Let
$A(2,1,3), B(3,2,5), C(3,3,6), D(4,4,2)$
Find the volume $V$ of tetrahedron $ABCD$.
My Solution:
$\vec{AB} = (1, 1, 2), \vec{AC} = (1, 2, 3), \vec{AD} = (2, 3, -1)$
$$V=\begin{vmatrix}1&1&2\\1&2&3\\2&3&-1 \end{vmatrix}=-6$$
My question is: Is my solution right and can the volume be a negative number ?
On
The volume of a 3D parallelepiped with sides AB, AC and AD is given by
$$\left|\det(AB, AC, AD)\right|.$$
The parallelepiped is always $6$ times as voluminous as the corresponding tetrahedron $ABCD$, so the volume of the tetrahedron $ABCD$ is given by
$$\frac{1}{6}\left|\det(AB, AC, AD)\right|.$$
In this case, this means that the tetrahedron has a volume of exactly $1$.
On
Note that the volume of a Tetrahedron = volume of a Pyramid with triangular base = $$= 1/3\,\text{ * }\,\text{base}\,\text{area}\,\text{ * }\,\text{height}$$ Then, if $\vec a,\,\vec b,\,\vec c$ are the vectors corresponding to three concurrent sides, the above is obtained as $$ V = 1/3\left| {\left( {1/2\,\vec b \times \,\vec a} \right) \cdot \vec c} \right| = 1/6\left| {\;\left| {\begin{array}{*{20}c} {c_x } & {c_y } & {c_z } \\ {b_x } & {b_y } & {b_z } \\ {a_x } & {a_y } & {a_z } \\ \end{array} } \right|\;} \right| $$ You shall take the absolute value, because $\vec b \times \,\vec a$ is a vector, whose orientation respect to $\vec c$ will determine a positive or negative scalar result of the double product.
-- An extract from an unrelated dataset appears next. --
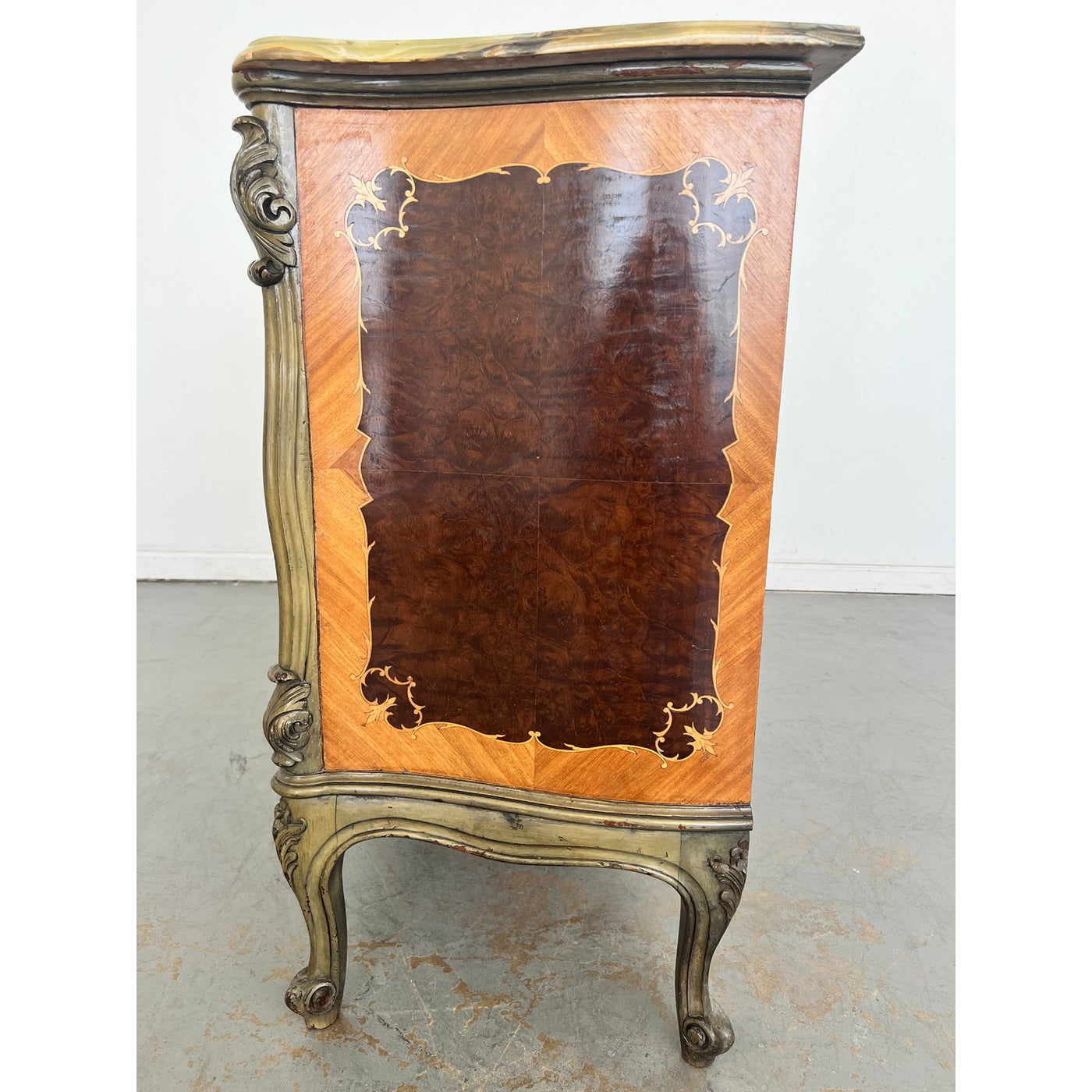 Vintage Louis XV-Style Secrétaire à Abattant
If you did this using $B$ as the origin point (using $BA, BC, BD$ in that order) you would find $$ V=\frac16 \left| \pmatrix{-1&-1&-2\\0&1&1\\1&2&-3} \right| = \frac16 \cdot 6 $$ The determinant is equal to the volume only up to a factor of $\pm 1$; you can see this because if you change the order of any two of the sides, the determinant changes sign.
BTW, the $\frac16$ comes from $V = \frac13 Bh$ where $B$ is the area of the base, which is $\frac12 \ell w$.